[0006]The majority of cancer-associated somatic mutations are not protein altering, or non-synonymous, variants. However, the ways which the variants contribute to disease remain largely unknown. Despite comprising the minority of cancer-associated genetic variants, most knowledge relates to protein-altering mutations. It has now been determined that variably-sized significantly mutated regions within the genome are associated with various coding and non-coding elements. Embodiments of systems and methods can be used to detect significantly mutated regions. In particular, analysis of detected SMRs reveals new insights regarding known and novel cancer-driver domains. SMRs were shown to be useful for the detection of cancer-specific, functionally diverse coding and non-coding regions of mutation, and associated molecular signatures.

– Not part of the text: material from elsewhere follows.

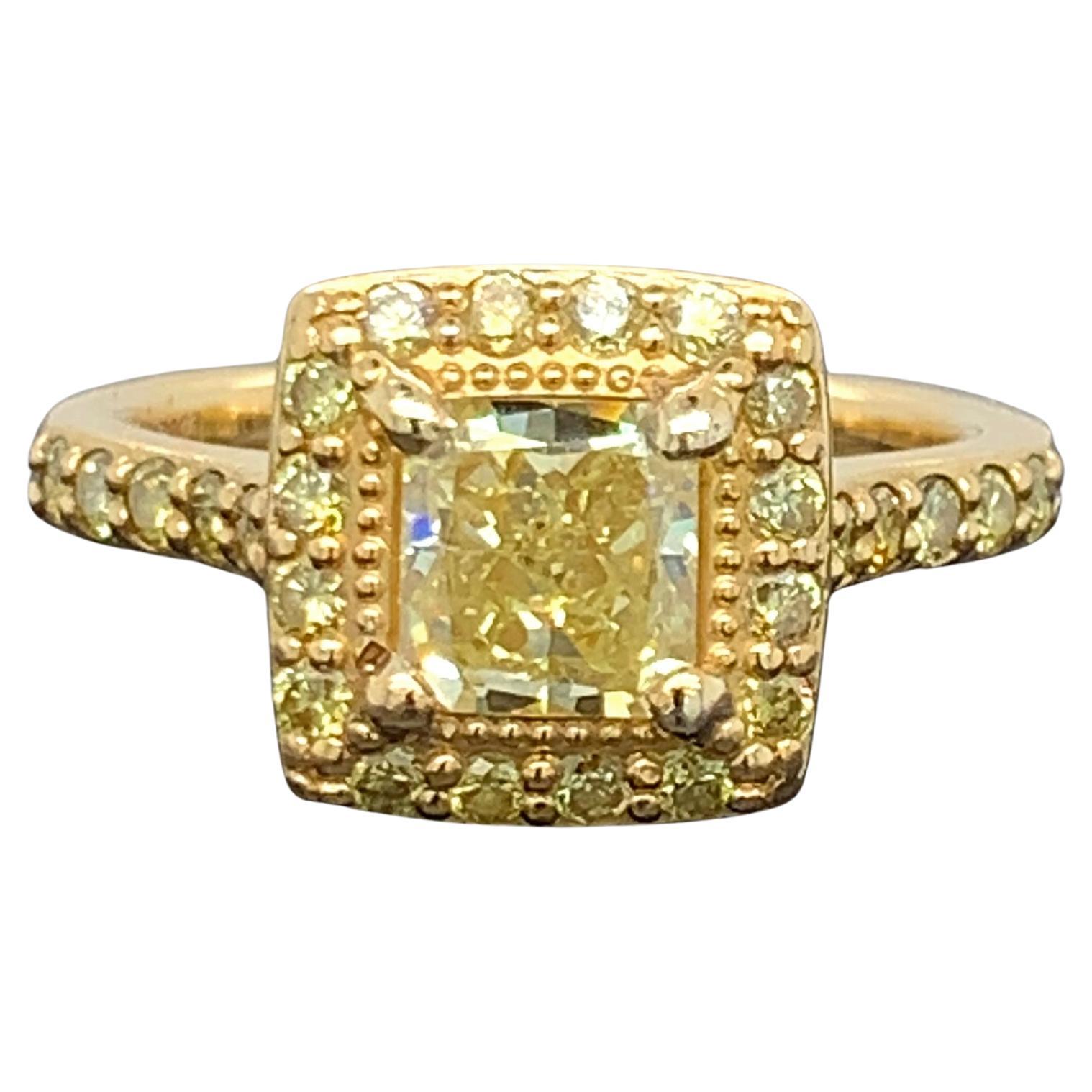1.78 Tcw Fancy Yellow Diamond Ring VS2 Natural GIA Certified 18k Yellow Gold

[0007]In one embodiment, a method for detecting significantly mutated regions in a genome using a SMR detection system in accordance with some embodiments of the invention is provided. The method includes receiving exome data describing information regarding whole exome sequences and gene-level features for a plurality of samples using a SMR detection system, receiving whole genome data describing information regarding whole genome sequences for a population using the SMR detection system. For each gene in the whole exome sequences, the method identifies mutations in the plurality of samples based on a mutation probability model using the SMR detection system. The mutation probability model describes gene level features and background mutation probabilities in the whole genome sequences. The method further includes detecting at least one mutation cluster in the plurality of samples using a spatial clustering technique using the SMR detection system, where the detected mutation clusters comprise spatially-proximal sets of mutations within domains. The method also includes detecting at least one significantly mutated region by filtering the detected mutation clusters based on a false discovery rate threshold using the SMR detection system, and annotating the detected at least one significantly mutated region in the exome data using the SMR detection system.

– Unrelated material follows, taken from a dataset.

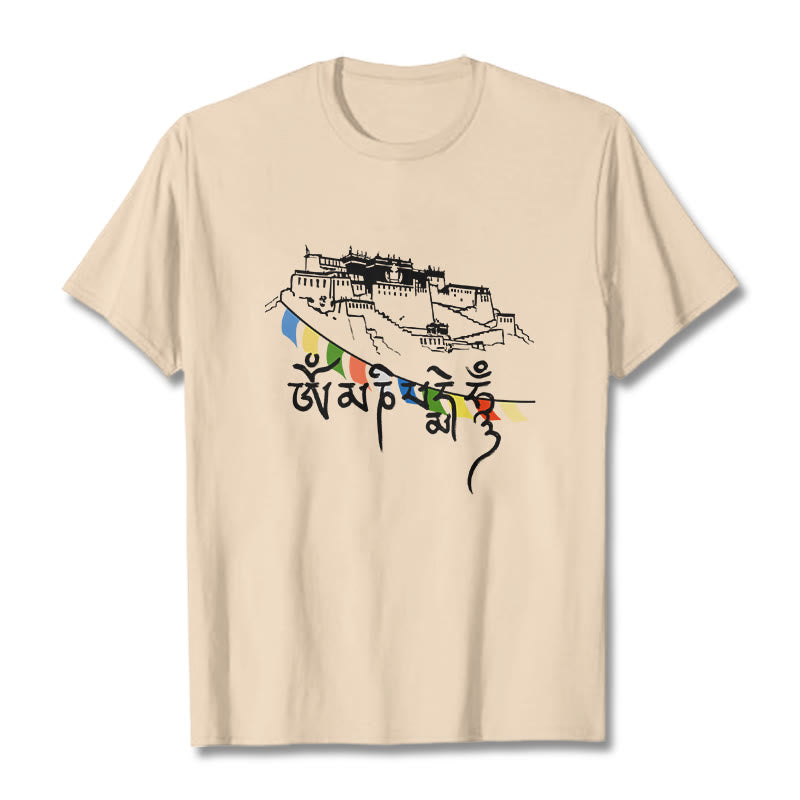 Nimara Ritual Potala Palace Om Mani Padme Hum Prayer Flags Cotton Tee T-shirt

[0008]A further embodiment provides for mapping the at least one detected significantly mutated region to at least one protein structure defined by domains. In another embodiment, the plurality of samples is from a plurality of individuals having a pathology. In a still further embodiment, the pathology is a cancer. In still another embodiment, the spatial clustering technique is constrained by a density reachability parameter. In a yet further embodiment, the mutation probability based on gene-level features and intronic mutations in the population. In yet another embodiment, the mutation probability model is Bayesian. In a further embodiment again, the false discovery rate is less than a particular value. In another embodiment again, the method further includes filtering the detected mutation clusters based on a mutation frequency ≧2%.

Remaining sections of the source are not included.